Last year, Richard Prince (United States, b. 1949) completed a new body of work Untitled (cowboy), recently acquired and debuted by LACMA. Prince made the monumental photographs, which measure six feet high by eight feet wide, from high-resolution scans of 1980s and ’90s Marlboro advertisements depicting cowboys in the landscape. Torn edges and tape attest to their original context in mass-market magazines. Enlarged and seen together, Prince’s photographs achieve the grandeur of 19th-century history painting while also deconstructing the iconography of the American West.
Prince’s engagement with the cowboy motif began nearly 40 years ago, when he was an aspiring painter working for Time Inc.’s tear sheet department, clipping texts for magazine writers. After he removed the articles, he was left with advertisements: glossy pictures of commodities, models, and other objects of desire. Between 1980 and 1992, Prince paid particular attention to the motif of the cowboy, as presented in a series of advertisements for Marlboro cigarettes.
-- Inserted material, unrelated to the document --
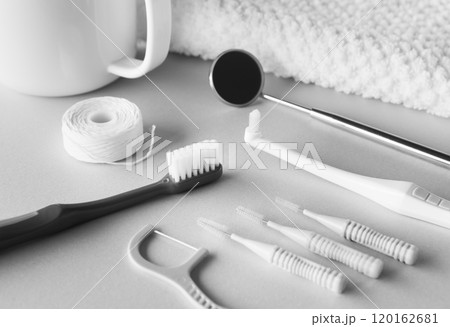 口腔ケアのアイテム　デンタルケア　歯の手入れ　歯周病予防　虫歯予防 120162681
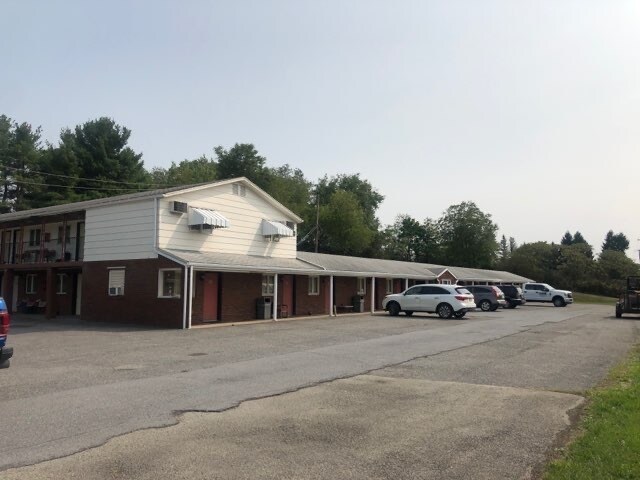 1411 S Wayne Ave, Indiana, PA à vendre - Photo de l’immeuble – Image 3 sur 13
Prince began to re-photograph the advertisements with a 35mm camera, cropping them to eliminate text. He took his slides to commercial labs to be developed and printed, and then presented the enlarged prints as limited-edition artworks of his own. Prince’s re-photography had an explosive effect on the art world, provoking lawsuits and setting auction records. With this controversial practice, he redefined what it means to “take” a photograph.
Thirty years prior to Prince’s appropriation of the Marlboro advertisements, Life magazine published a photo-essay by Leonard McCombe, depicting the daily life of Texan rancher Clarence Hailey Long. The story was billed as a last look at the “old time cowboy” whose livelihood seemed to be headed toward extinction. The next generation—“feebler men,” according to the article—insisted on comfort, day work, and higher pay for fewer skills. As postwar American culture began to consolidate around ideals of masculinity and modernity, McCombe’s photographs effectively transformed Long’s life into mythology. By the mid-1950s, advertising executive Leo Burnett adopted McCombe’s images as the conceptual framework for the Marlboro Man campaign.
Richard Prince has said that our collective unconscious holds all kinds of clichés—“clichés so immediate, so obvious” that at times we respond to real-life situations as if we were actors in a movie. Representations in print and on film have made the image of the cowboy ubiquitous in Americans’ imaginations and memories. In his re-photography, Prince unpacks the layers of the cowboy construct; the artist describes his Untitled (cowboy) series as “normalcy as special effect.”
Richard Prince: Untitled (cowboy) is on view in BCAM through March 25, 2018.